Copy the data below in full, exactly as it appears.

⟨

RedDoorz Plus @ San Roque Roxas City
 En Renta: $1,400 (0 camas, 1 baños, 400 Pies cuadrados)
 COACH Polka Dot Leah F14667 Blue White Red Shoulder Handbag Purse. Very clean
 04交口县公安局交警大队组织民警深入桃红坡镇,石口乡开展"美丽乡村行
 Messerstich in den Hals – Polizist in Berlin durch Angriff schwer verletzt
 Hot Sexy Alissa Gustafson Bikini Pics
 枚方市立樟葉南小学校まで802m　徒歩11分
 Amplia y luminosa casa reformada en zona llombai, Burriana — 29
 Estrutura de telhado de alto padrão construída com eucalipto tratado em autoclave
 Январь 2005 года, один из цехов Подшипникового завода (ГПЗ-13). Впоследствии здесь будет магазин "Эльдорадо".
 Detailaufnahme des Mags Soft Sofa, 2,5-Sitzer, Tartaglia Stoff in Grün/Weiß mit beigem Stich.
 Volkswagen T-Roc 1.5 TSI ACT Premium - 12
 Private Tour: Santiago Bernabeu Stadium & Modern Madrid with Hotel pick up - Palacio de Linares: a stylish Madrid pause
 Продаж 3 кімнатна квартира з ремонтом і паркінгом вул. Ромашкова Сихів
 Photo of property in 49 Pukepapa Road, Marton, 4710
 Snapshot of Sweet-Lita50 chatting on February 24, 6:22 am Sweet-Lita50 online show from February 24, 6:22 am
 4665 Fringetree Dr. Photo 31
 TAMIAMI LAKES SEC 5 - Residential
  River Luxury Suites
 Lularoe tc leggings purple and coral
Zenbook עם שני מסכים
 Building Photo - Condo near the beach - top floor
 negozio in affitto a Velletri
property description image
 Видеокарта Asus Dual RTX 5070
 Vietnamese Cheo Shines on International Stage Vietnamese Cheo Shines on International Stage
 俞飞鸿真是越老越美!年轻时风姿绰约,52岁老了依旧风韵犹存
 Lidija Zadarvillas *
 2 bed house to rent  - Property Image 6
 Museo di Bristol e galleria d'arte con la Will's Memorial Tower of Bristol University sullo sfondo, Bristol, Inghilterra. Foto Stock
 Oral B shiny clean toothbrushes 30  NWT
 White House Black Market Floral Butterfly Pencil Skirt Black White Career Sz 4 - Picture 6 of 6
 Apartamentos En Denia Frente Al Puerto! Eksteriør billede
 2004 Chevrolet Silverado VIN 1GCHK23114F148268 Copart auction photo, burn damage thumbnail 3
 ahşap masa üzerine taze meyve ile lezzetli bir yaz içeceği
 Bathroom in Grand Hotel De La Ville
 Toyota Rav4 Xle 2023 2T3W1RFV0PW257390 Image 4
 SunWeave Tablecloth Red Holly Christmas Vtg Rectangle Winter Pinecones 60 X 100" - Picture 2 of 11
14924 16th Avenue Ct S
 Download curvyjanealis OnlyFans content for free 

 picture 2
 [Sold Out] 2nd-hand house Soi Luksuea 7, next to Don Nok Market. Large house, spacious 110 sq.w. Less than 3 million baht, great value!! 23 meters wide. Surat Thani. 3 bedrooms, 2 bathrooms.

⟩

Exercise solution:
RedDoorz Plus @ San Roque Roxas City
 En Renta: $1,400 (0 camas, 1 baños, 400 Pies cuadrados)
 COACH Polka Dot Leah F14667 Blue White Red Shoulder Handbag Purse. Very clean
 04交口县公安局交警大队组织民警深入桃红坡镇,石口乡开展"美丽乡村行
 Messerstich in den Hals – Polizist in Berlin durch Angriff schwer verletzt
 Hot Sexy Alissa Gustafson Bikini Pics
 枚方市立樟葉南小学校まで802m　徒歩11分
 Amplia y luminosa casa reformada en zona llombai, Burriana — 29
 Estrutura de telhado de alto padrão construída com eucalipto tratado em autoclave
 Январь 2005 года, один из цехов Подшипникового завода (ГПЗ-13). Впоследствии здесь будет магазин "Эльдорадо".
 Detailaufnahme des Mags Soft Sofa, 2,5-Sitzer, Tartaglia Stoff in Grün/Weiß mit beigem Stich.
 Volkswagen T-Roc 1.5 TSI ACT Premium - 12
 Private Tour: Santiago Bernabeu Stadium & Modern Madrid with Hotel pick up - Palacio de Linares: a stylish Madrid pause
 Продаж 3 кімнатна квартира з ремонтом і паркінгом вул. Ромашкова Сихів
 Photo of property in 49 Pukepapa Road, Marton, 4710
 Snapshot of Sweet-Lita50 chatting on February 24, 6:22 am Sweet-Lita50 online show from February 24, 6:22 am
 4665 Fringetree Dr. Photo 31
 TAMIAMI LAKES SEC 5 - Residential
  River Luxury Suites
 Lularoe tc leggings purple and coral
Zenbook עם שני מסכים
 Building Photo - Condo near the beach - top floor
 negozio in affitto a Velletri
property description image
 Видеокарта Asus Dual RTX 5070
 Vietnamese Cheo Shines on International Stage Vietnamese Cheo Shines on International Stage
 俞飞鸿真是越老越美!年轻时风姿绰约,52岁老了依旧风韵犹存
 Lidija Zadarvillas *
 2 bed house to rent  - Property Image 6
 Museo di Bristol e galleria d'arte con la Will's Memorial Tower of Bristol University sullo sfondo, Bristol, Inghilterra. Foto Stock
 Oral B shiny clean toothbrushes 30  NWT
 White House Black Market Floral Butterfly Pencil Skirt Black White Career Sz 4 - Picture 6 of 6
 Apartamentos En Denia Frente Al Puerto! Eksteriør billede
 2004 Chevrolet Silverado VIN 1GCHK23114F148268 Copart auction photo, burn damage thumbnail 3
 ahşap masa üzerine taze meyve ile lezzetli bir yaz içeceği
 Bathroom in Grand Hotel De La Ville
 Toyota Rav4 Xle 2023 2T3W1RFV0PW257390 Image 4
 SunWeave Tablecloth Red Holly Christmas Vtg Rectangle Winter Pinecones 60 X 100" - Picture 2 of 11
14924 16th Avenue Ct S
 Download curvyjanealis OnlyFans content for free 

 picture 2
 [Sold Out] 2nd-hand house Soi Luksuea 7, next to Don Nok Market. Large house, spacious 110 sq.w. Less than 3 million baht, great value!! 23 meters wide. Surat Thani. 3 bedrooms, 2 bathrooms.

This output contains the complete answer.